[Excerpted records]

--*--

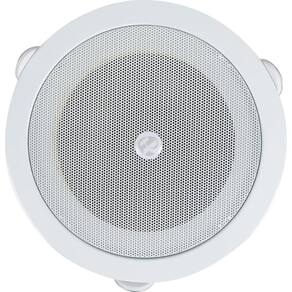 Arandela Hayonik Cs-530 Plus Branca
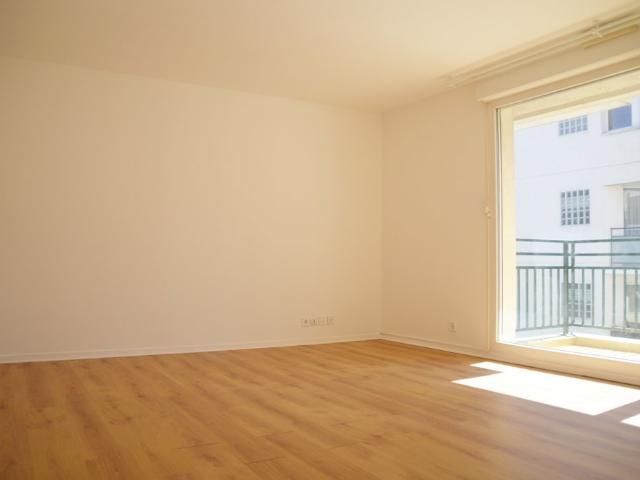 Appartement location à Évry, Morsang-sur-orge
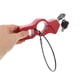 thumbnail image 3 of unbranded Suministros Para Motocicleta Cerradura Universal De Manillar Ajustable Y Antirrobo, 3 of 8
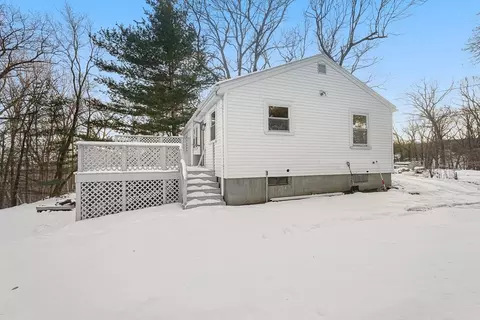 Other - 22 Outlook Dr, Worcester, MA 01602 photo 7 of 8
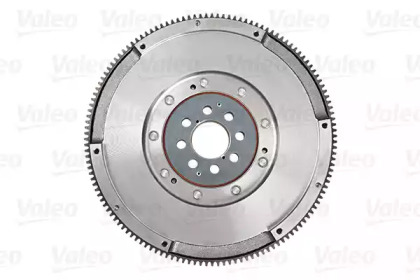 Маховик Valeo 836240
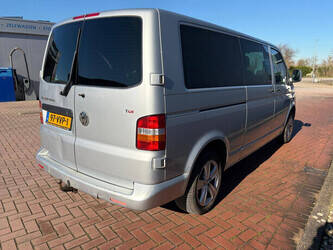 2008-volkswagen-transporter-2-5-tdi-45737689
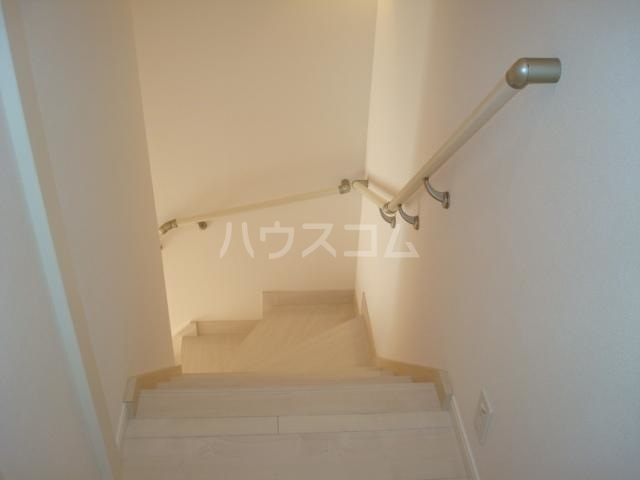 21/30 その他画像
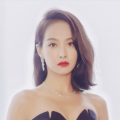 风俗业教育女
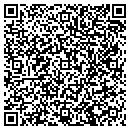 QR code with Accurate Spring contacts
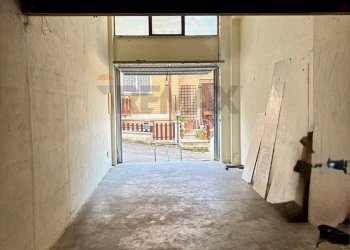 Parcheggio - Box Monterotondo - photo 5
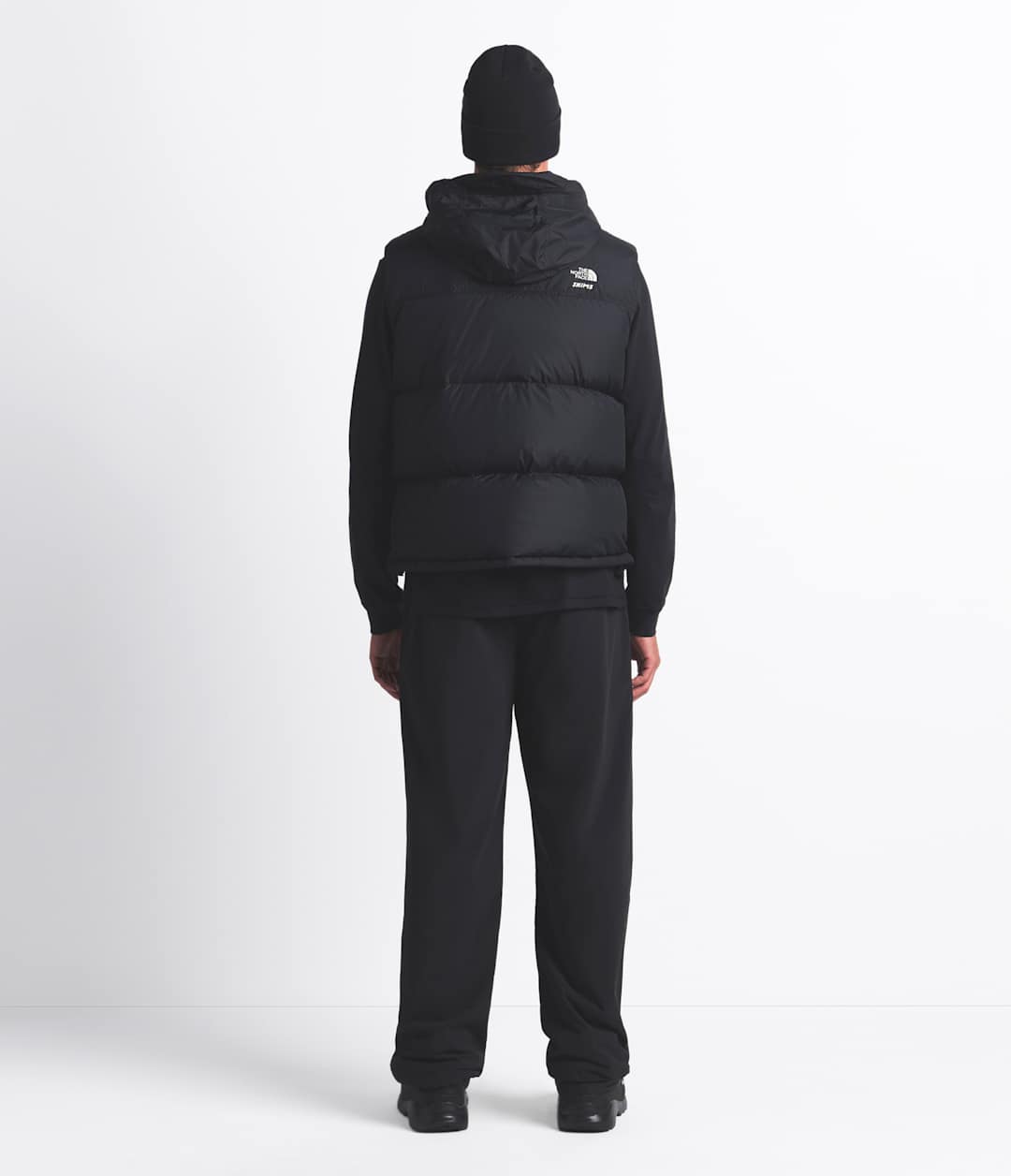 The North Face X SKIMS Women's VENTRIX Pant / The North Face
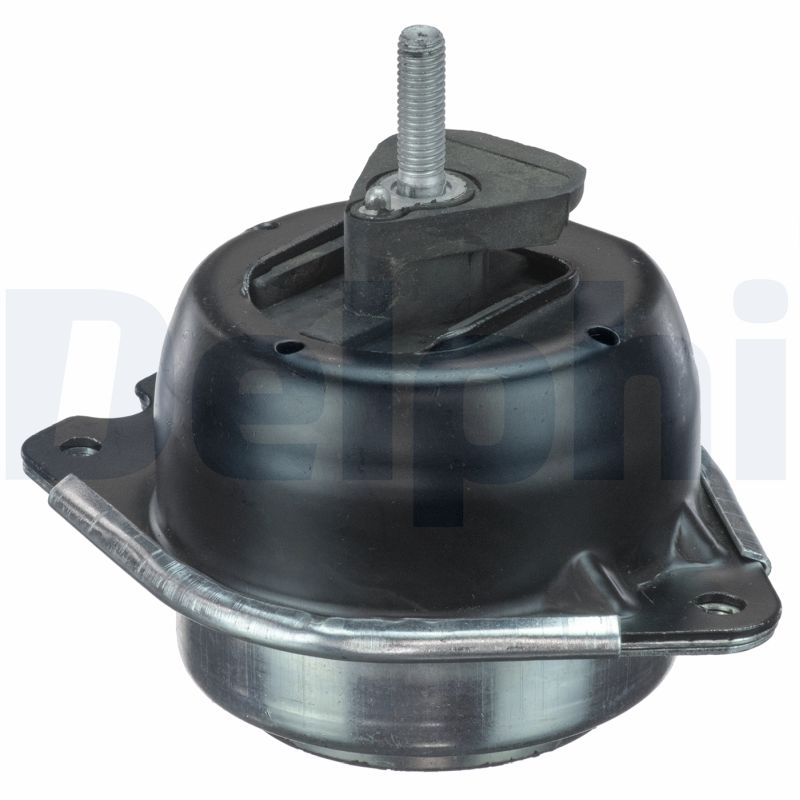 Suport motor TEM108 DELPHI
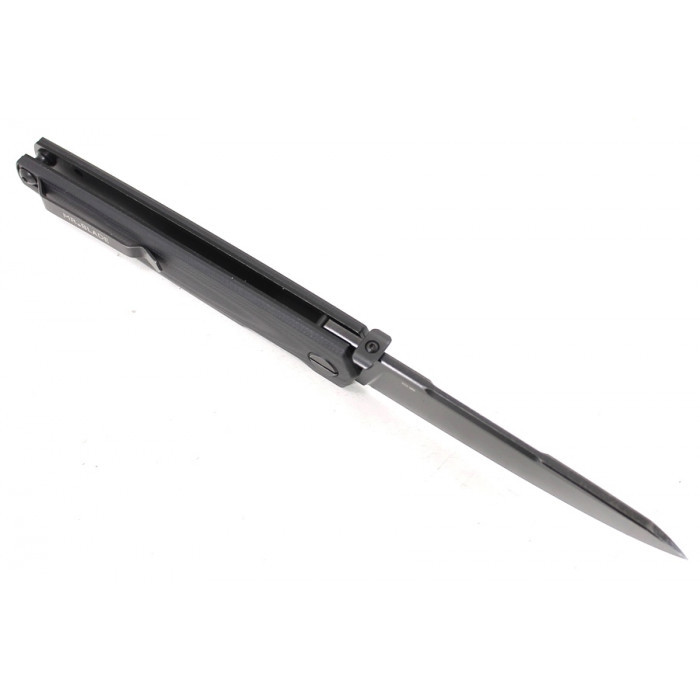Купить Складной Нож Mr Blade Pike
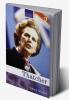 Thatcher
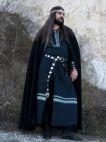  MEDIEVAL WOOL 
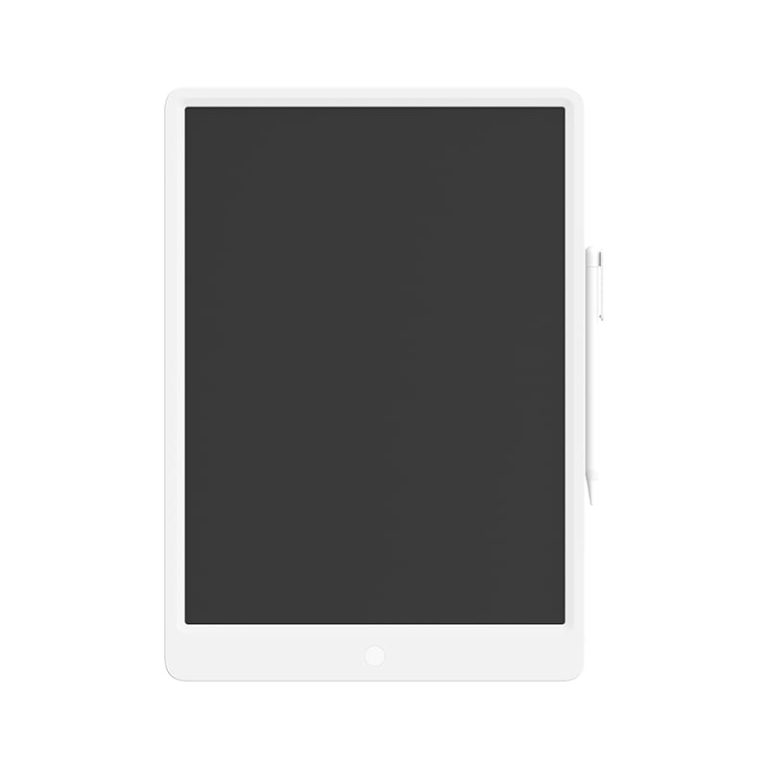 Xiaomi Writing Tablet 13.5" LCD White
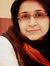 Zuha Fathima is now friends with Razeena Ayesha - 15642700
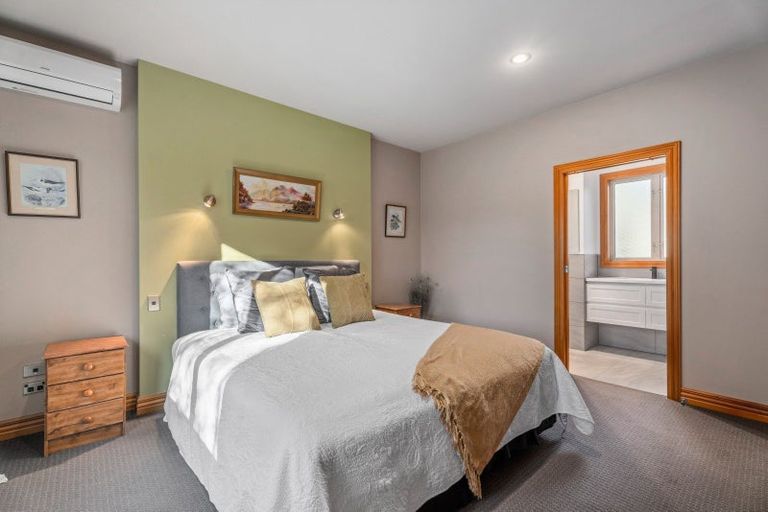 Photo of property in 714 Lake Hayes-arrow Junction Highway, Lake Hayes, Queenstown, 9371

--*--

[What you will do] Leave out all pictures and extract exactly the lines from the line with "Xiaomi Writing Tablet" through the end of the material.

[Exercise result]
 Xiaomi Writing Tablet 13.5" LCD White
 Zuha Fathima is now friends with Razeena Ayesha - 15642700
 Photo of property in 714 Lake Hayes-arrow Junction Highway, Lake Hayes, Queenstown, 9371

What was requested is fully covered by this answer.